Algebraic Geometry Inspired by Theoretical Physics

受理论物理启发的代数几何

• 批准号: 0099688
• 负责人: Michael Thaddeus
• 金额: $ 10.7万
• 依托单位: Columbia University
• 依托单位国家: 美国
• 项目类别: Continuing Grant
• 财政年份: 2001
• 资助国家: 美国
• 起止时间: 2001-07-01 至 2004-06-30
• 项目状态: 已结题
• 来源: https://www.nsf.gov/awardsearch/showAward?AWD_ID=0099688&HistoricalAwards=false
• 关键词: Algebraic; Geometry; Inspired; Theoretical; Physics

This project will study several situations in algebraic geometry where, for reasons connected with mirror symmetry, spaces defined in terms of a Lie group are expected to have enumerative or cohomological invariants which are related, or equal, to those where the group is replaced by its Langlands dual. The aim is to compute these invariants and verify the predictions of mirror symmetry. Among the principal examples to be studied are: (1) the stringy Hodge polynomials of the spaces of flat connections on a Riemann surface with structure group a reductive Lie group; (2) the stringy Hodge polynomials of the moduli spaces of solutions to Nahm's equations of magnetic monopoles; (3) the quantum cohomology of a loop group.This is research in algebraic geometry, one of the most classical parts of mathematics, concerned with finding solutions of polynomial equations. But it is aimed at corroborating some very recent hypotheses about mirror symmetry, an exciting idea which has lately emerged from theoretical physics. Mirror symmetry proposes that certain string theories about the fundamental structure of the universe can be formulated mathematically in two seemingly different but equivalent ways. This project will explore the evidence supporting one of the recent suggestions for how to construct one of these formulations in terms of the other.

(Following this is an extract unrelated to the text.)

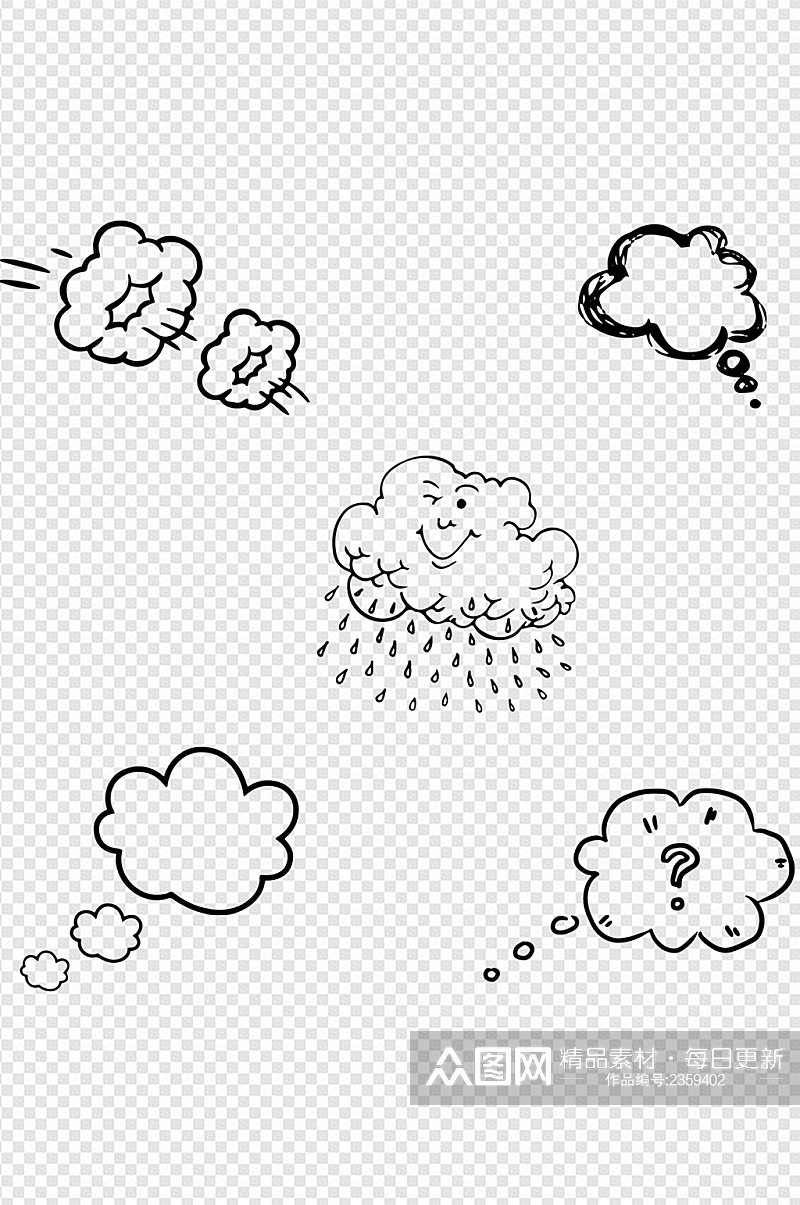 云纹云朵云雨云框线条图标图案图免扣元素素材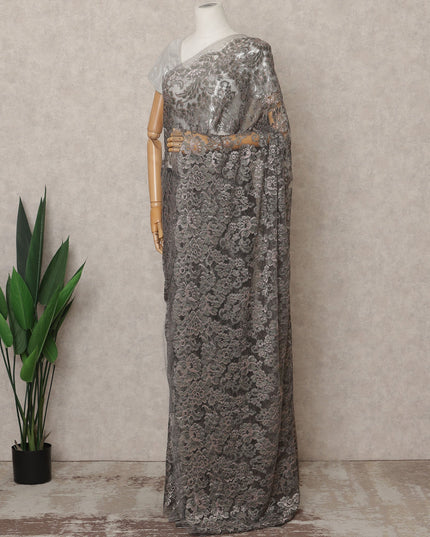 Grey Premium French Metallic Chantilly Lace Saree Fabric – 5.5 Meters Length, 110 Cms Width, Imported from France-D25714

本项目将研究代数几何中的几种情况，在这些情况下，由于与镜像对称有关的原因，由李群定义的空间预计具有枚举或上同调不变量，这些不变量与群被朗兰兹对偶取代的不变量相关或相等。目的是计算这些不变量并验证镜像对称性的预测。主要研究的例子有：(1)结构群为约化李群的黎曼曲面上平面连接空间的弦Hodge多项式；(2)磁单极子Nahm方程解的模空间的弦Hodge多项式；(3)环群的量子上同调。代数几何是数学中最经典的部分之一，研究多项式方程的解。但它的目的是证实最近关于镜像对称的一些假设，这是一个最近从理论物理学中出现的令人兴奋的想法。镜像对称提出，关于宇宙基本结构的某些弦理论可以用两种看似不同但等效的数学方式来表述。本项目将探索支持最近关于如何根据另一个公式构建其中一个公式的建议之一的证据。